Pakistan and India met in the final in front of a capacity crowd of 20,000. India scored 245–7 with Sunil Gavaskar top-scoring with 92. Pakistan needed 90 to win of the last ten overs. Javed Miandad held the innings together. In a tense finale, the last over bowled by Chetan Sharma began with 11 runs required and two wickets fell in that over. Pakistan was nine wickets down and needed four runs with Javed Miandad facing the final ball. Chetan Sharma's intended yorker became a full toss which was dispatched into the crowds by Javed for a six. Pakistan finished on 248–9 with Javed finishing on 116 not out. It is still considered one of the most historic moments in one-day cricket history and Javed became a Pakistani national hero.

==Second edition 1990==

Won by Pakistan
The second tournament took place in April 1990 at Sharjah with Bangladesh joining in. The six teams were split into 2 groups:

Group A: Australia, New Zealand and Bangladesh

Group B: India, Pakistan and Sri Lanka.

With Bangladesh and India falling by the wayside, Australia beat Sri Lanka in the first semi-final with Simon O'Donnell hitting a then world record 50 in 18 balls. Pakistan again bowled New Zealand out for less than 100 to go through to the final. During the tournament Waqar Younis took 4 wickets in an innings three successive times: 4–42, 6–26 and 5–20.

Pakistan scored 266–7 in the final and Australia's 10 match winning streak was brought to an end by Wasim Akram. He ended their innings with a hat-trick, clean-bowling Merv Hughes, Carl Rackemann and Terry Alderman.

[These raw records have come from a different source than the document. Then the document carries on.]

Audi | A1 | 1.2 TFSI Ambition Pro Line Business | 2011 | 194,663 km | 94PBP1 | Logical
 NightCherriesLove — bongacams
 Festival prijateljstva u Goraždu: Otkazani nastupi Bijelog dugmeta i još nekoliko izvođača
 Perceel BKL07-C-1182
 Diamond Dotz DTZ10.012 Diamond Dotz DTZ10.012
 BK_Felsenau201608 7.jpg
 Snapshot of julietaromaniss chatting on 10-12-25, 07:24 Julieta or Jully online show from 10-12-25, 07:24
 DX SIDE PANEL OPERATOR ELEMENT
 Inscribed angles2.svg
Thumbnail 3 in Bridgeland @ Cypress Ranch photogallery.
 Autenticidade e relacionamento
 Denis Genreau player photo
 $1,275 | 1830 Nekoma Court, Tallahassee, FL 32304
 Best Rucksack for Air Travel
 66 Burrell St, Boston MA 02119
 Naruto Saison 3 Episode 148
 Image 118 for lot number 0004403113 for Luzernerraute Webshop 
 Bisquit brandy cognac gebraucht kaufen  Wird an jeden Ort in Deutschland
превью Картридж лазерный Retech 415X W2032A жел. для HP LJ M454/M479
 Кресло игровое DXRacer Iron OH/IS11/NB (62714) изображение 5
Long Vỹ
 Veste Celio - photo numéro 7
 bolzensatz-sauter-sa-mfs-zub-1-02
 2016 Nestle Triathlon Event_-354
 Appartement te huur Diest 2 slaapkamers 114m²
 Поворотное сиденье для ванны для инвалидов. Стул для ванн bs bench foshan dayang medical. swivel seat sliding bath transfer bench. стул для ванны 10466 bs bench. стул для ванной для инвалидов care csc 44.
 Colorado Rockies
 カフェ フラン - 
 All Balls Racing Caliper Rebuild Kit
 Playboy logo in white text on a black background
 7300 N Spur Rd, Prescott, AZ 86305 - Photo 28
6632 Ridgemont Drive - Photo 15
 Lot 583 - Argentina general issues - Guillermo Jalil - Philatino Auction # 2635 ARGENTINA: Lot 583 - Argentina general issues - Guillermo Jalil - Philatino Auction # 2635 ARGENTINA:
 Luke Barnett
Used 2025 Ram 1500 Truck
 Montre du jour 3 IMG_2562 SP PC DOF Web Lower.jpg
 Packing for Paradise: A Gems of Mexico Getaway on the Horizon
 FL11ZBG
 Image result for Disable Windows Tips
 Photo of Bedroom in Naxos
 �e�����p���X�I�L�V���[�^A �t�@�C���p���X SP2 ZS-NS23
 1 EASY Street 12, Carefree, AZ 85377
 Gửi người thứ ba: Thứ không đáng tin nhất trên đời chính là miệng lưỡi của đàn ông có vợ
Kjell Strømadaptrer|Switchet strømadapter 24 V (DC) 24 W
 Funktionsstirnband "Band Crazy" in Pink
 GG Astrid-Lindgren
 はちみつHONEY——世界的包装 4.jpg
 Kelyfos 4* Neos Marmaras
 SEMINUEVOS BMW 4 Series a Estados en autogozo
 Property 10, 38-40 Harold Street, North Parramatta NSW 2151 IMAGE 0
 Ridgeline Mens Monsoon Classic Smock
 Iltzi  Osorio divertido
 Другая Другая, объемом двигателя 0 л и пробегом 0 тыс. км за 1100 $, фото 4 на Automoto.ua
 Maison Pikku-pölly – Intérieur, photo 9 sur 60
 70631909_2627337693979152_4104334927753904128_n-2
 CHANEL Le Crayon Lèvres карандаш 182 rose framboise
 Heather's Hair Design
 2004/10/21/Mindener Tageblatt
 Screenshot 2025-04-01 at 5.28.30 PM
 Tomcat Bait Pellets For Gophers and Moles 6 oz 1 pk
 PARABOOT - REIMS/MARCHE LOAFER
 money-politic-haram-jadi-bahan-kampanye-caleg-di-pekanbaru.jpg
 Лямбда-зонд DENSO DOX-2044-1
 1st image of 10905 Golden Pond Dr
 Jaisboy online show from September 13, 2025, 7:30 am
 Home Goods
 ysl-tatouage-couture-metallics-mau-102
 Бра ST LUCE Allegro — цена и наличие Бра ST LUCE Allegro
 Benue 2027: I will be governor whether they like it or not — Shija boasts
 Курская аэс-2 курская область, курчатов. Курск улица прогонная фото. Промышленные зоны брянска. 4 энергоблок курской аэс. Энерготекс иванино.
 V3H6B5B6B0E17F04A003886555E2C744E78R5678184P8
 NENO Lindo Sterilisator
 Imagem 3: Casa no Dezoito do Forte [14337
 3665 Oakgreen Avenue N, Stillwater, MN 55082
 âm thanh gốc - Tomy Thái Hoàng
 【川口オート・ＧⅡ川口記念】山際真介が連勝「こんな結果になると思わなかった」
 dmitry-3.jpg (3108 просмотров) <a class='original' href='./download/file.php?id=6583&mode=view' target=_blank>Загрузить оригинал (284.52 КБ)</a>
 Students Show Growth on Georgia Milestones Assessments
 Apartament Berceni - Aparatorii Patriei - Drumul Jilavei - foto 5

Australia making 230-all out.

==Third edition 1994==

Won by Pakistan
The United Arab Emirates (UAE) replaced Bangladesh as the sixth team in the tournament, with the UAE playing their first ever One Day International match. Again there were two groups of three teams.

Group A: India, Pakistan, United Arab Emirates

Group B: Australia, New Zealand and Sri Lanka.

The UAE and Sri Lanka did not make the semis. India defeated Australia in the first semi-final and this time Pakistan scored 328–2 with a then world record stand for the 2nd wicket between Aamer Sohail (134) and Inzamam-ul-Haq (137 not out) of 263 against New Zealand and won by 62 runs.

This set up the final most people wanted: India v Pakistan. Pakistan made 250 for 6, with Aamer Sohail top scoring with 69. India were bowled all out for 211. Pakistan had a hat-trick of Austral-Asia Cup triumphs.